Everything from the opening line of the listing below to the line that has "Yo, what is", inclusive, should be returned exactly, except the pictures.

• **Data block**
_ _ _ _ _ _ _

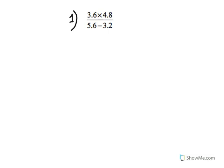Okay, so question 1 — always the easiest of all the questions. You're just being asked to find the value of 3.6 times 4.8 over 5.6 minus 3.2. To do this, let's just deal with the numerator first, which is the top part. So 3.6 times 4.8 is nothing but 17.28.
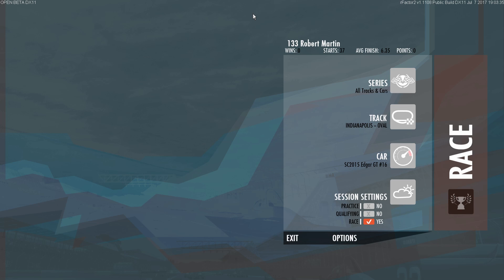Yo, what is going on guys, this is your man Twisted Drifter. Welcome back to the channel. Today, we are back here on rFactor 2.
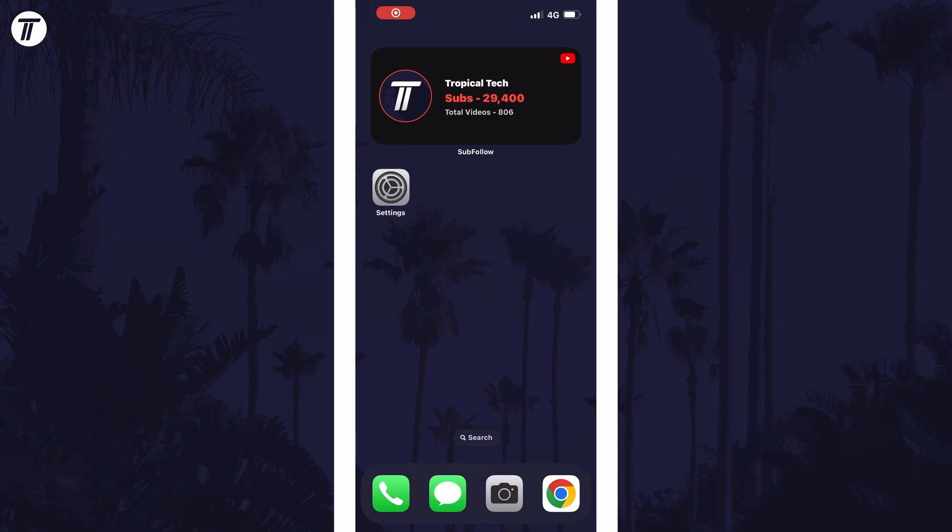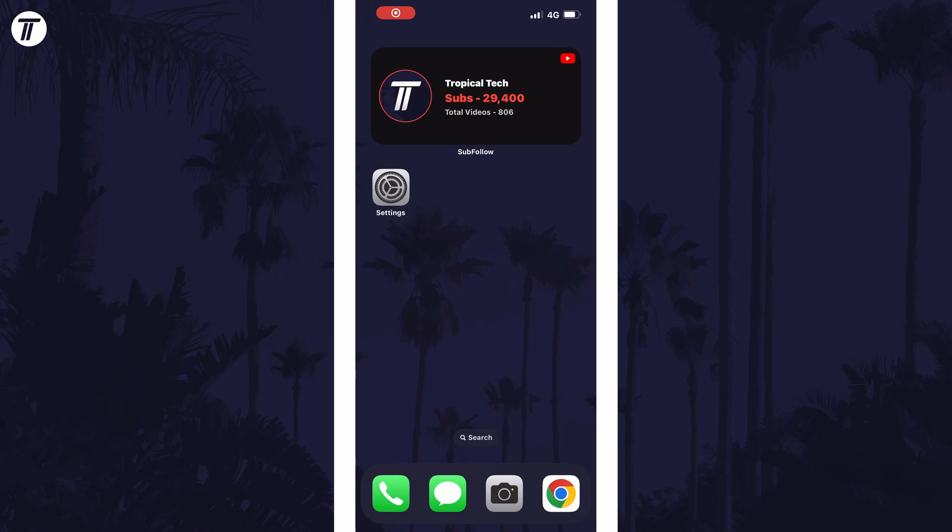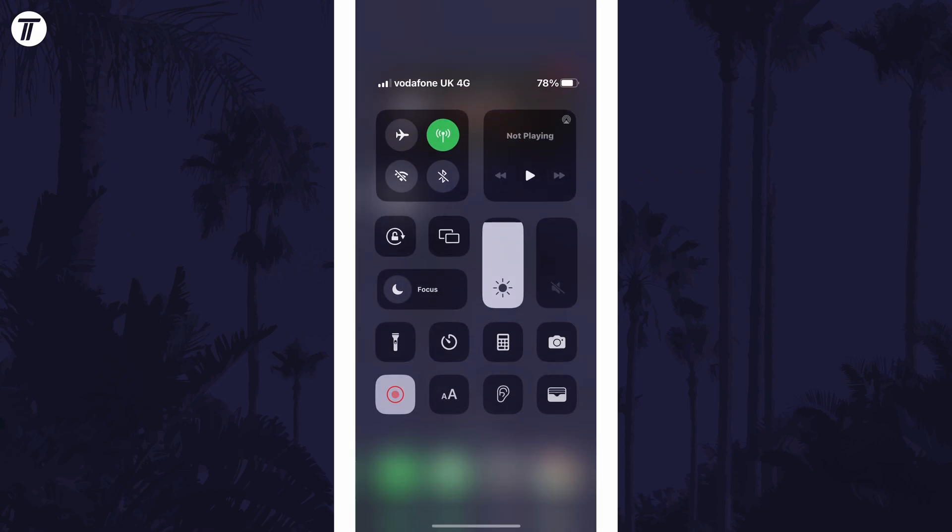To turn on or turn off auto-rotation, all you need to do is swipe down from the top right corner of the screen to access the control centre.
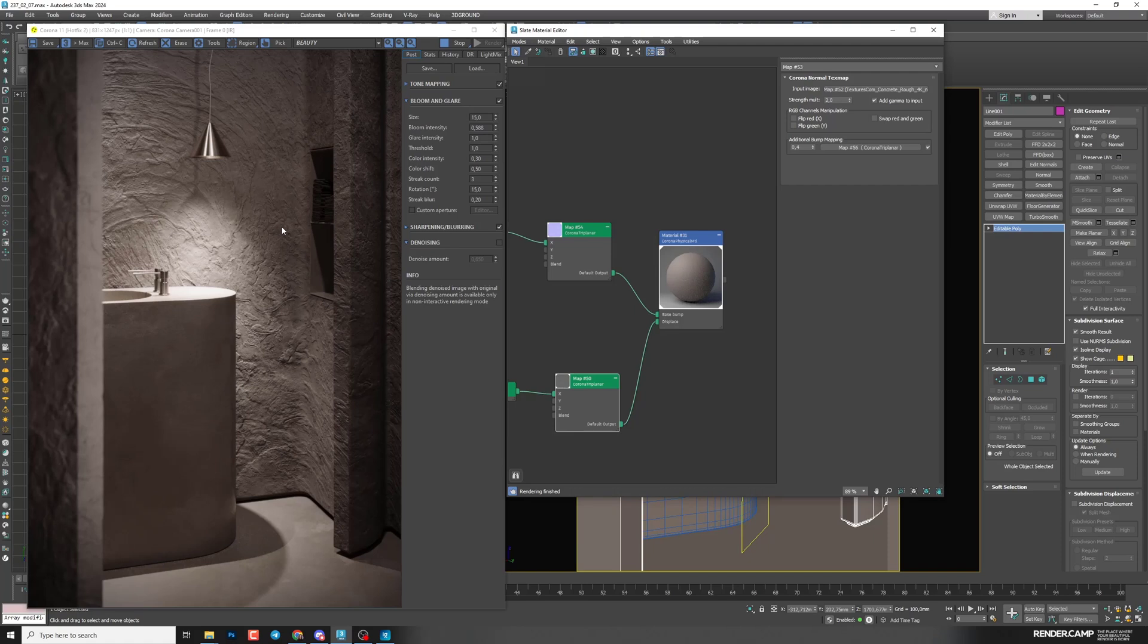And here you can see our final result with mixing all these maps. So guys, don't be afraid to experiment until you achieve your desired result.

_ _ _ _ _ _ _

• **Solution below**
Okay, so question 1 — always the easiest of all the questions. You're just being asked to find the value of 3.6 times 4.8 over 5.6 minus 3.2. To do this, let's just deal with the numerator first, which is the top part. So 3.6 times 4.8 is nothing but 17.28.
Yo, what is going on guys, this is your man Twisted Drifter. Welcome back to the channel. Today, we are back here on rFactor 2.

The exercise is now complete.